Libertas Supra Omnia

Posted on March 4, 2010


As written for The March 18 Movement

Freedom of expression.

A term that weighs different on the scales of every individual. Be it invisible fetters that hold back tears, or physical restraints that gag your right to scream. Be it the dread of a tyrant’s wrath, or the fear of thoughts out loud breaking that bubble of denial.

We all have our own hurdles to overcome, our own liberties to fight for. For freedom is most valued and most dear to the ones for whom it is forbidden. For only the shackled truly get to taste in full effect the sweetness of liberty.

Now I’m no polical blogger; preferring instead to take the more cushioned route of broadcasting a few select whimsical musings.
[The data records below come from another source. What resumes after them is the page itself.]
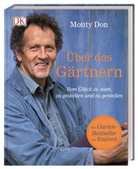 Monty Don, DK Verlag - &Uuml;ber das G&auml;rtnern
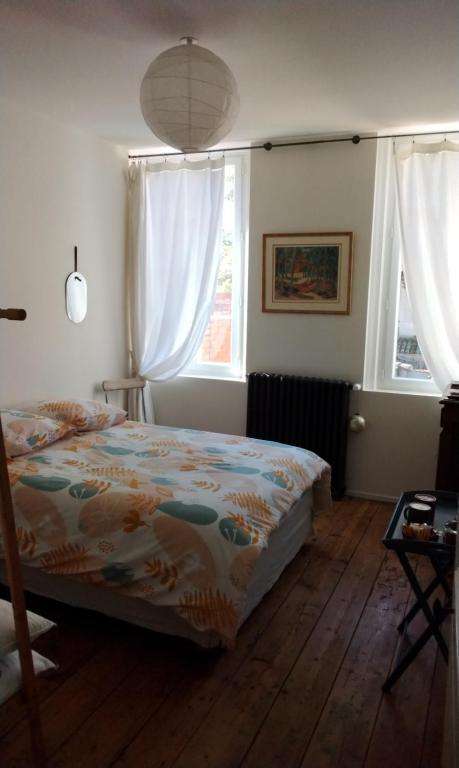 La maison de Dom - Bed and Breakfast Cognac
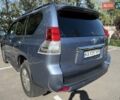 Тойота Ленд Крузер Прадо 2012 у Києві на Automoto.ua Синій Тойота Ленд Крузер Прадо, об'ємом двигуна 3.96 л та пробігом 263 тис. км за 31500 $, фото 17 на Automoto.ua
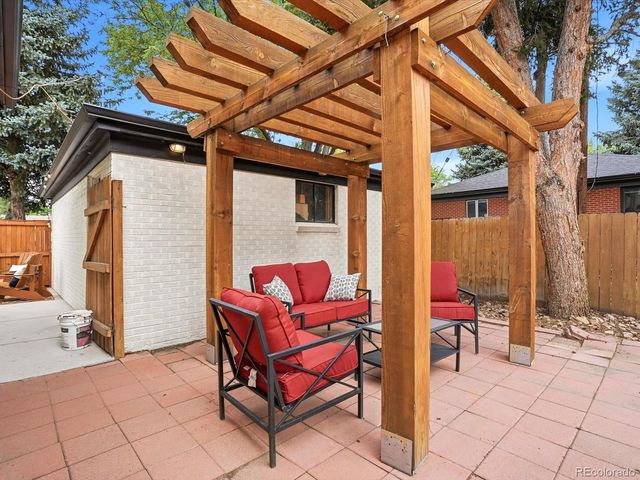 3655 E Yale Avenue, Denver, CO 80210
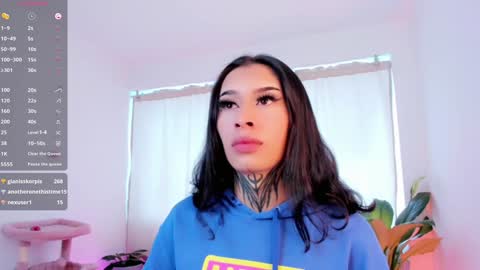 Kali Ka Please help me with your thumbs up its important   dont forget my birthday on October 26 online show from 01.23.25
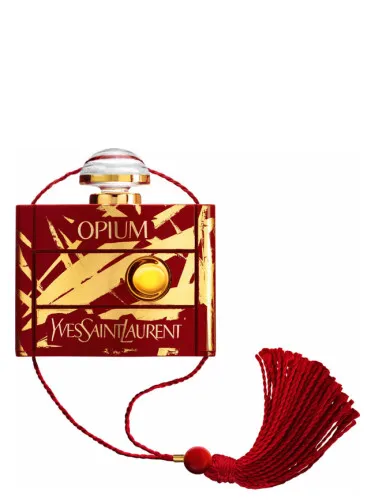 Imagen de Opium Extrait de Parfum 40th Anniversary Edition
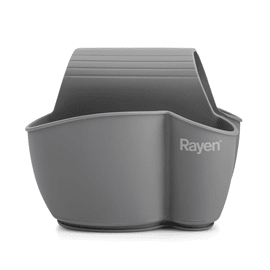 ארגונית לכיור כפול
Not because I fear for my life, but solely because I’m not passionate enough about a subject to give political science the justice it deserves.

But for those who do; for those who choose to assert their hypotheses/ideologies onto print or online realms, more often than not they do so at the risk of their own lives. Knowing very well that they are provoking the ire of the government they’re resisting or the influential figure they oppose.

As human beings we have a societal duty towards the one another. When two people are in danger, they’re in it together. When a whole community is in peril, they all fear with each other. When an entire nation has a crisis, every single individual is at risk.

So when made aware of a potential threat, will you not warn your neighbour? When informed of impending danger, will you not signal the others?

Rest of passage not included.